Instructor expects NIU to top national scores

By Elizabeth M. Behland

An NIU accountancy professor said NIU might regain its national first rank status for the Certified Public Accountant exam overall passing rate.

NIU Accountancy Professor John Simon said the National Association of State Boards of Accountancy ranked NIU second in the nation for overall CPA test passing rates in May 1987 with a 54.9 percent passing rate. He said the University of Montana ranked first.

Simon said NIU ranked first in the May exams from 1983 to 1986. He said the association began compiling the results in 1985, but he has done research since 1983 that showed NIU’s standing.

“A problem we have always faced is that NASBA requires a school to have only 20 people taking the exam to qualify (for the NASBA ranking survey). A small school may just have a good year,” Simon said.
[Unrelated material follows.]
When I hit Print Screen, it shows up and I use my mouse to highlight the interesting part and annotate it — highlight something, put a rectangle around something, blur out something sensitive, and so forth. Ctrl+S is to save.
In the May 1987 exam, the University of Montana had only 40 students testing while NIU had about 150 students, he said.

Simon said, “If I were to constitute a list of schools with 50 candidates or more, we (NIU) would still be number one.”
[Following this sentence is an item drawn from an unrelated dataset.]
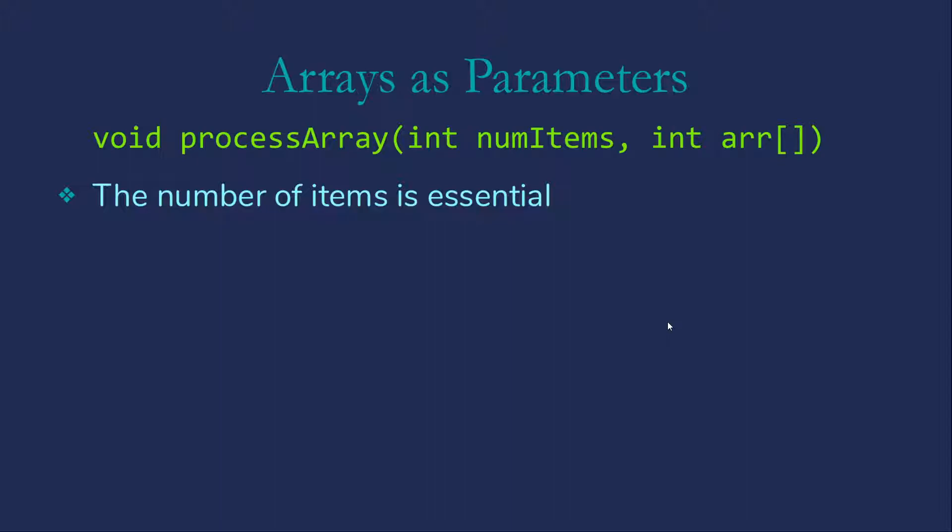In C++, the array doesn't know how big it is. We don't have anything that will tell us this is how long this array is. So we absolutely need the numitems parameter to tell us how many items to process.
He said, “In the May of ‘88 exam, NIU had a 65 percent pass rate.

“Altough the (national) statistics won’t be out for another year, I think we’ll be back to number one,” Simon said.

John Smith, another NIU accountancy professor, said, “I think the results we had in May of ’88 are the best we’ve had all of the while or at least a long time.”

In the May 1988 exam, seven NIU students won Elijah Watts sells Awards for nationwide top performance, Simon said. NIU won 29 percent of the awards, he said.

“One institution having 29 percent of the awards is remarkable because we don’t have 29 percent of the students,” Simon said. “I believe we had more than any other state,” he said.

Smith said the reason for NIU’s outstanding national performance is a combination of the students, faculty and the NIU CPA Review Program.

Smith said, “We have a faculty that’s pretty well known across the country.”

He said, “One reason I was interested in coming to NIU was that the faculty has a mission for entering people into the accounting profession.”

NIU has one of the largest accountancy programs in the state, Smith said, and “it is important to service as many students as we can.”

Simon said the NIU accountancy faculty is “a great team with a lot of experience. We are a dedicated faculty that cares.”

He said students sense the faculty’s support and want to maintain NIU’s traditional high performance.

Karen Golick, an NIU graduate student, said NIU’s past success gave her confidence going into the exam. She said the national pass rate is about 18 percent for students taking the exam for the first time.